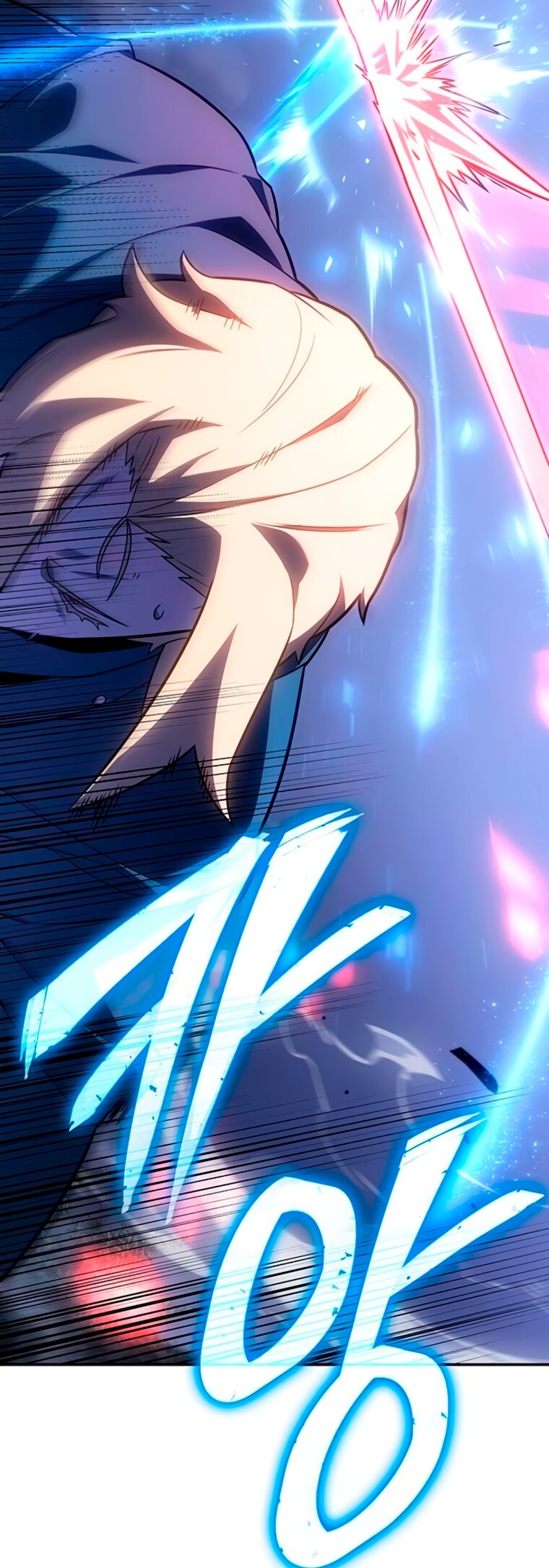 Манга Владыка Льда - Глава 64 Страница 73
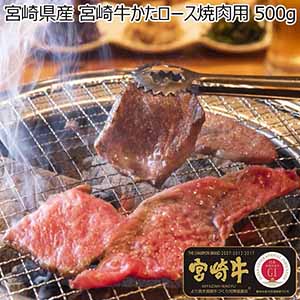 宮崎県産 宮崎牛かたロース焼肉用 500g【BUZZTTO SALE】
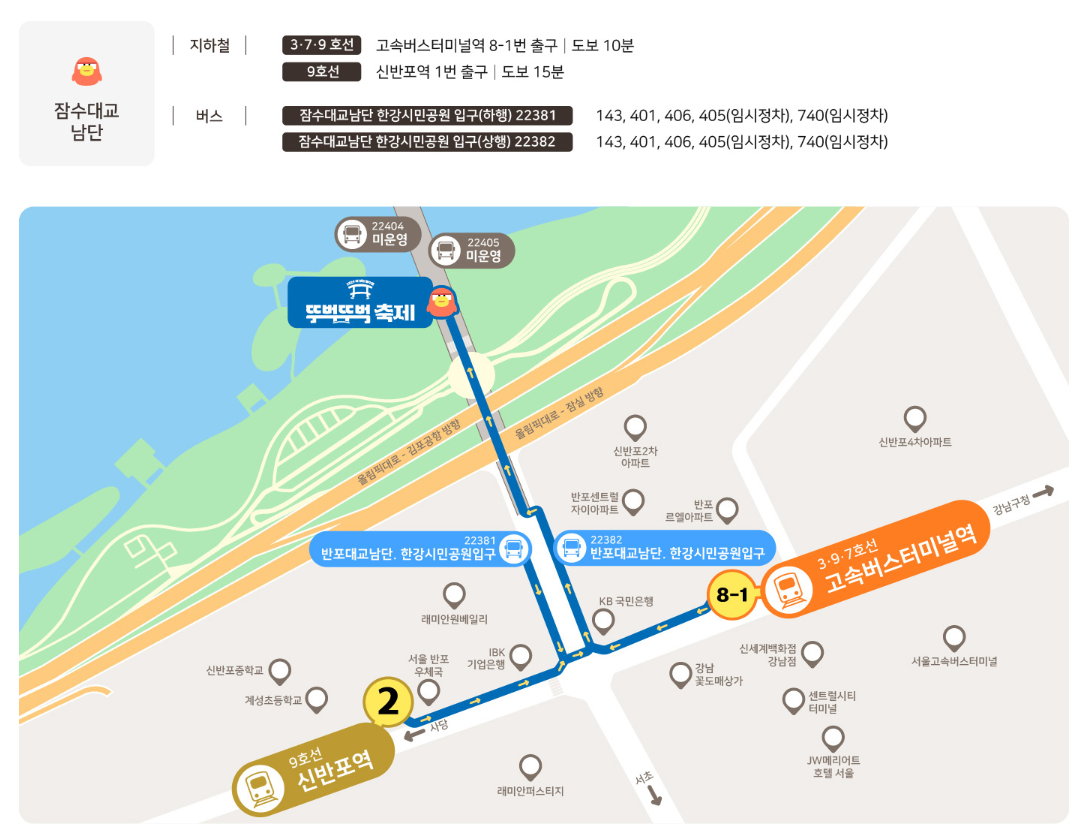 잠수교 뚜벅뚜벅 축제 2025 총정리 — 일정·프로그램·푸드트럭 꿀팁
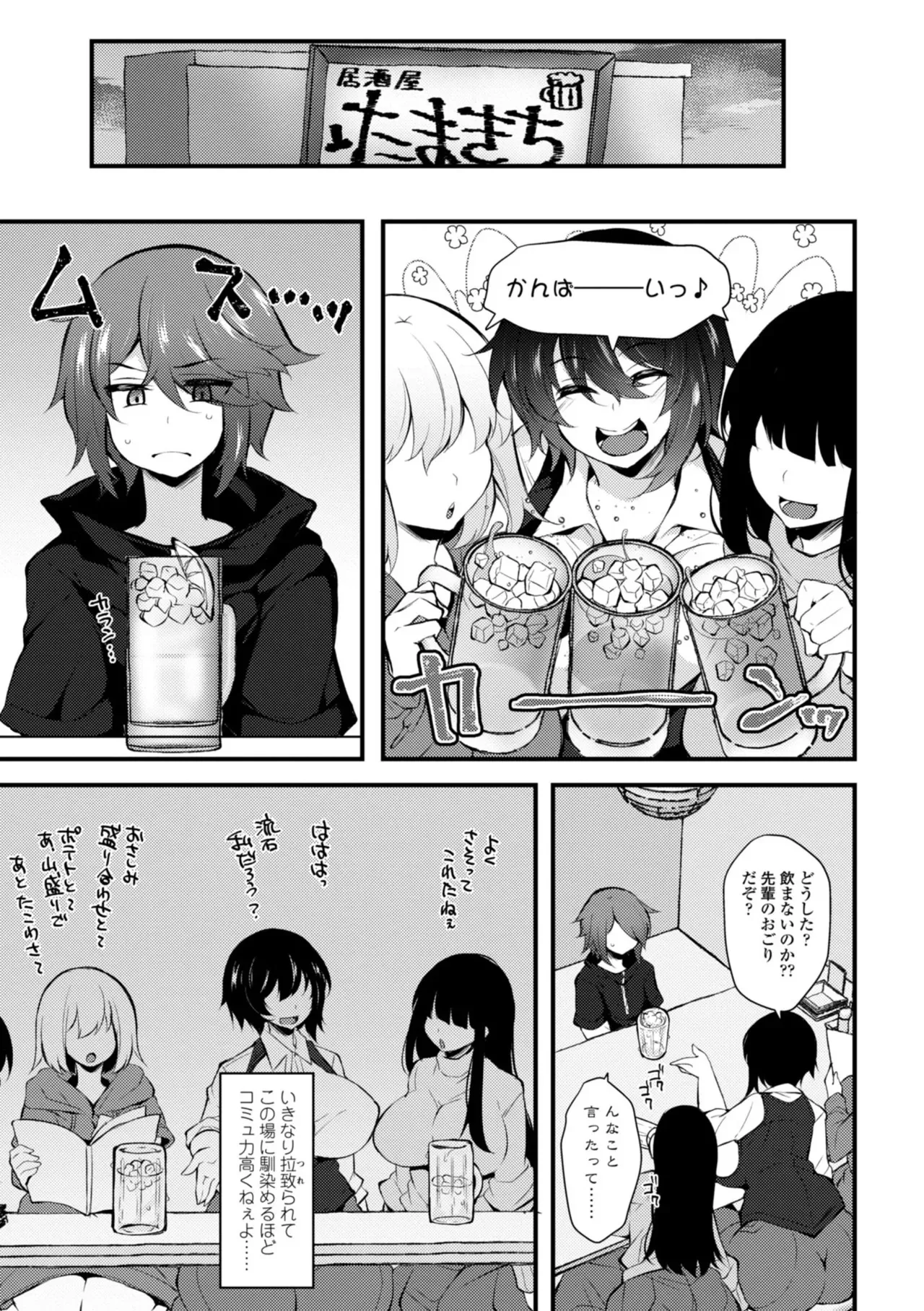 [J-2型極] 女の子が強（エロ）いッッ♡ [DL版]_5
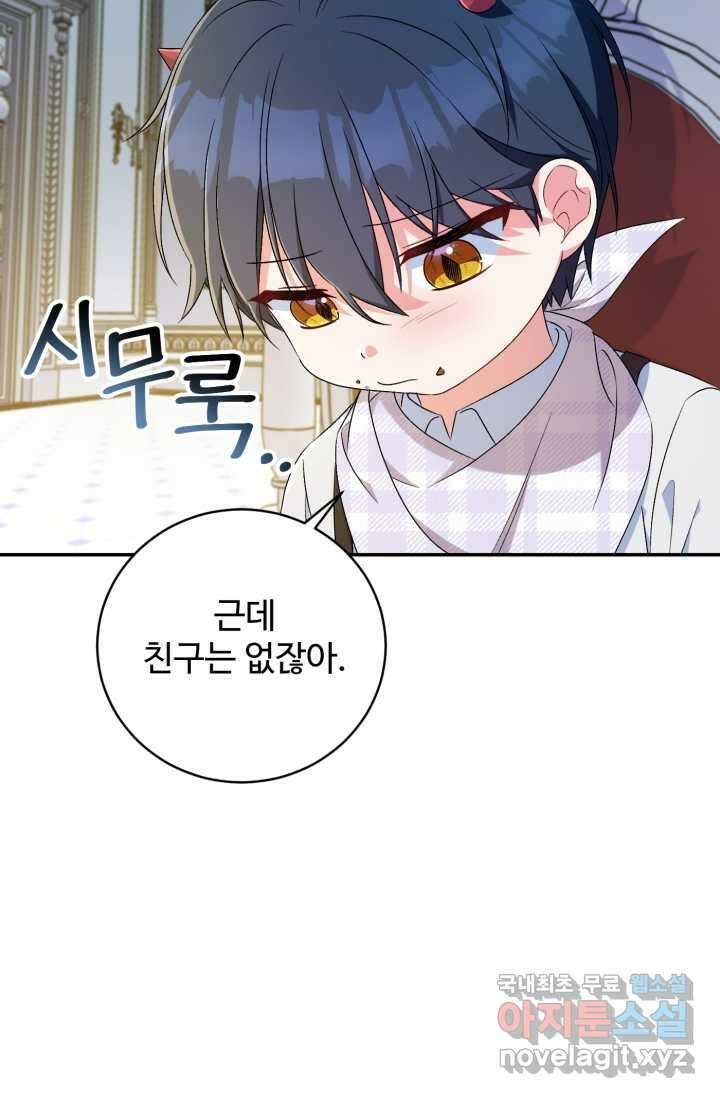 마왕님의 인형 집사 9화 8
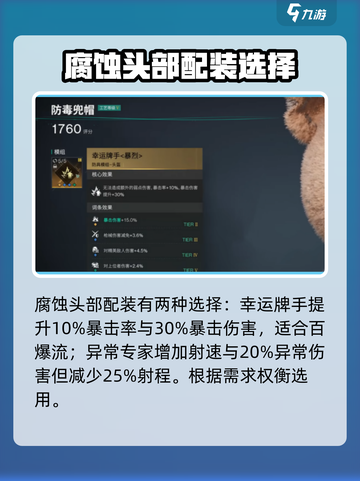 七日世界腐蚀配装攻略介绍截图2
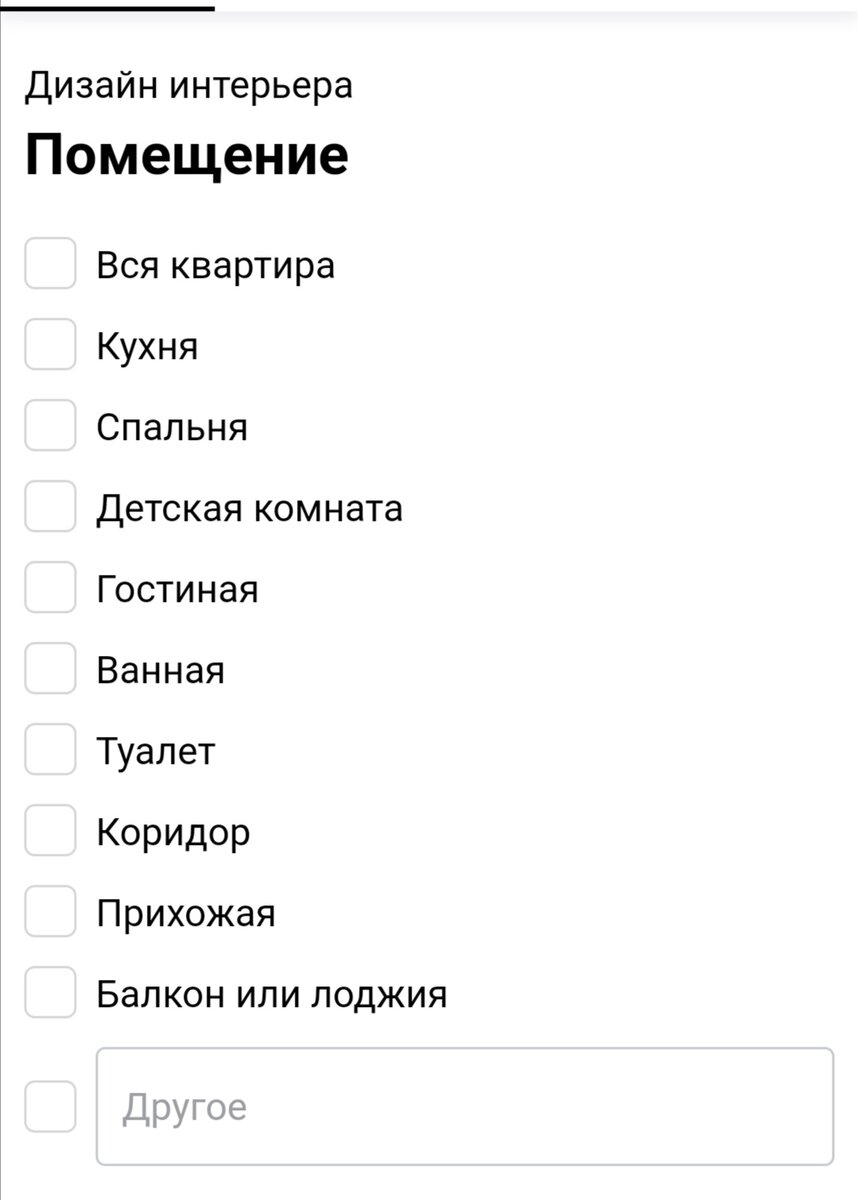 Сайт Профи.ру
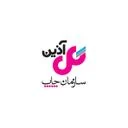سازمان چاپ گل آذین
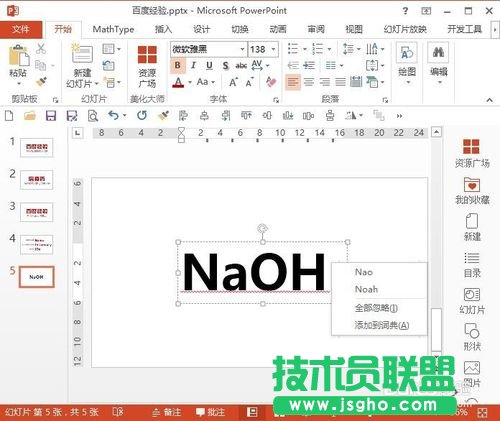 怎樣在PPT設(shè)置自定義詞典 三聯(lián)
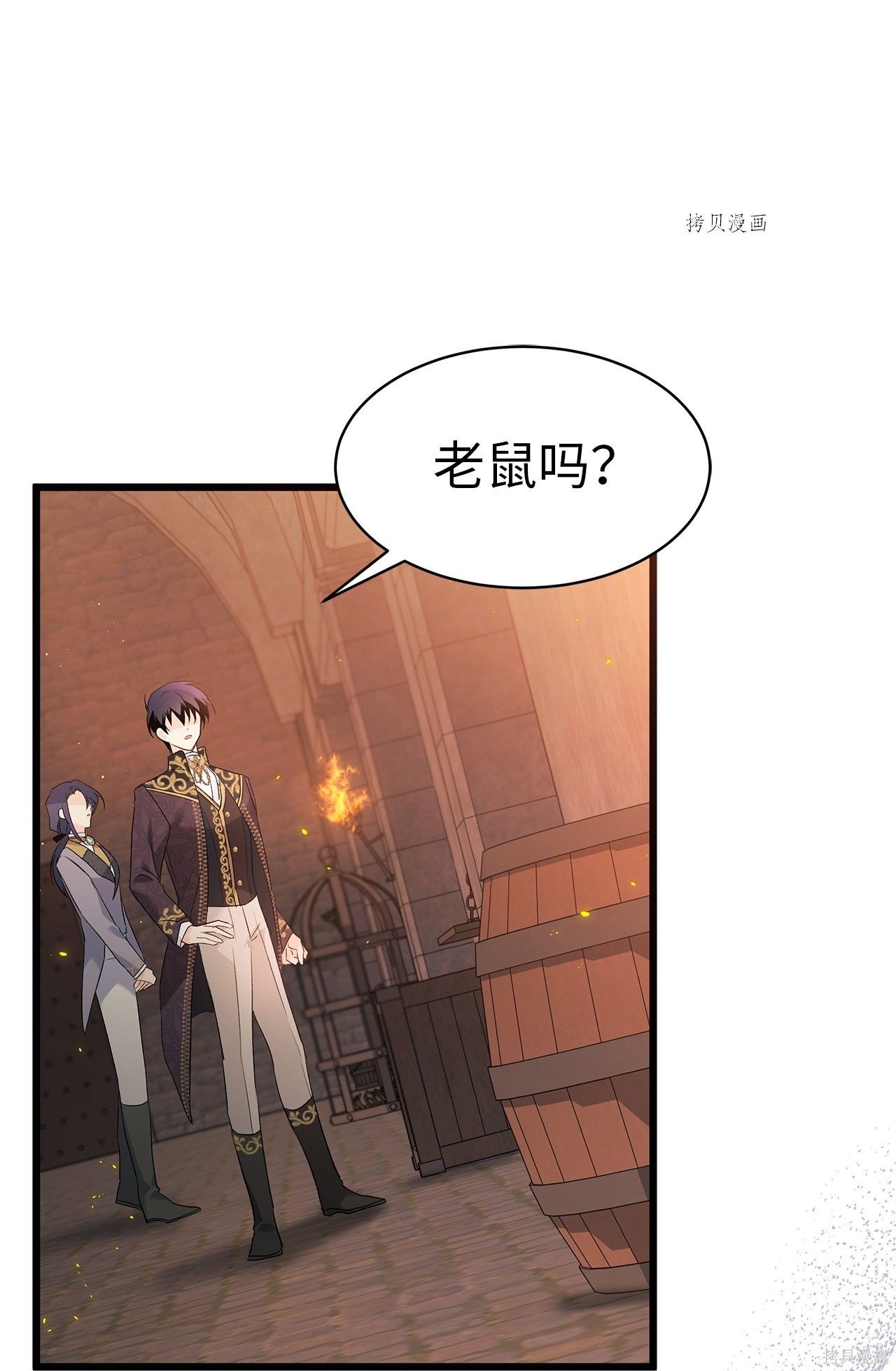 第57话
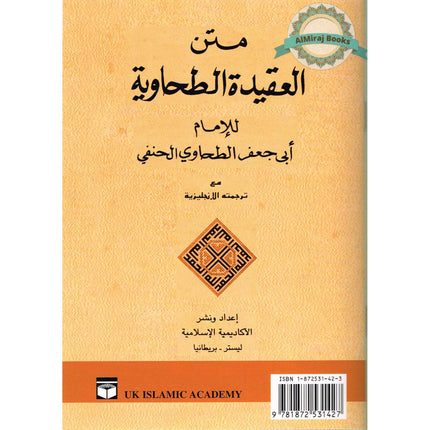 Islamic Belief By Imam Abu Jafar at-Tahawi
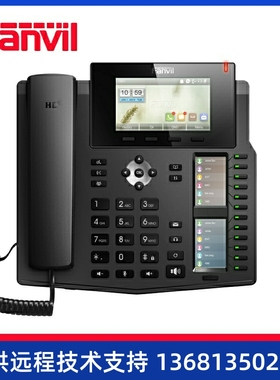 Fanvil方位 X6 商务彩屏IP电话机 sip话机 办公座机 呼叫中心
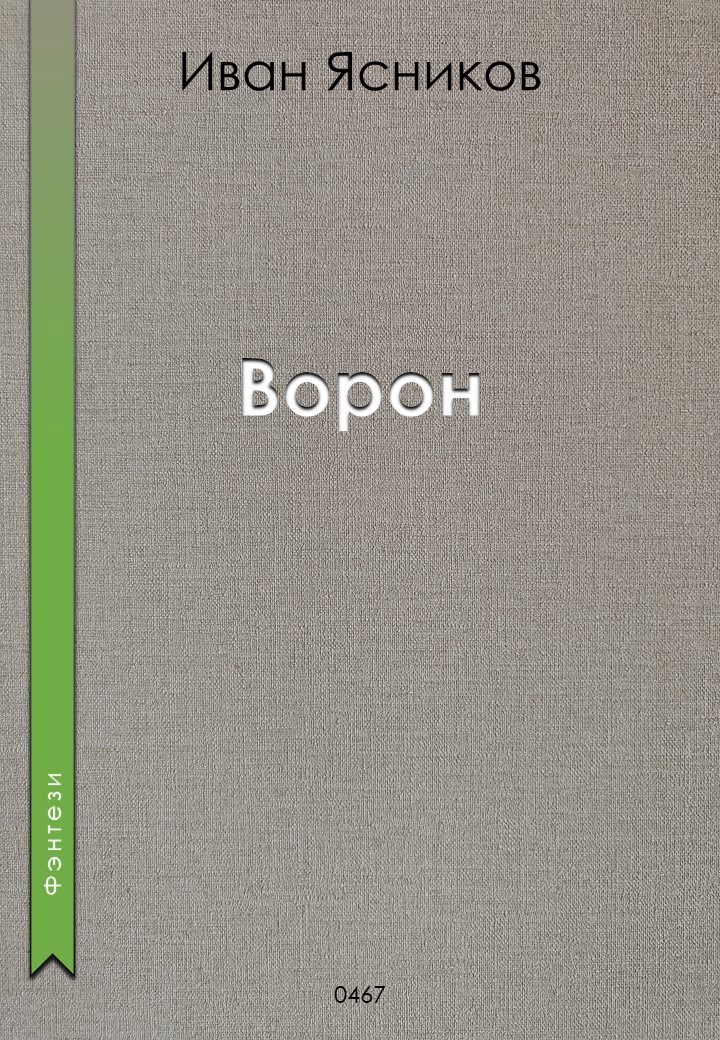 Ворон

+++

TASK DETAILS:
Your copy should repeat each entry above exactly but contain no pictures.

EXERCISE ANSWER:
 Манга Владыка Льда - Глава 64 Страница 73
 宮崎県産 宮崎牛かたロース焼肉用 500g【BUZZTTO SALE】
 잠수교 뚜벅뚜벅 축제 2025 총정리 — 일정·프로그램·푸드트럭 꿀팁
 [J-2型極] 女の子が強（エロ）いッッ♡ [DL版]_5
 마왕님의 인형 집사 9화 8
 七日世界腐蚀配装攻略介绍截图2
 Сайт Профи.ру
سازمان چاپ گل آذین
 怎樣在PPT設(shè)置自定義詞典 三聯(lián)
 第57话
 Islamic Belief By Imam Abu Jafar at-Tahawi
 Fanvil方位 X6 商务彩屏IP电话机 sip话机 办公座机 呼叫中心
 Ворон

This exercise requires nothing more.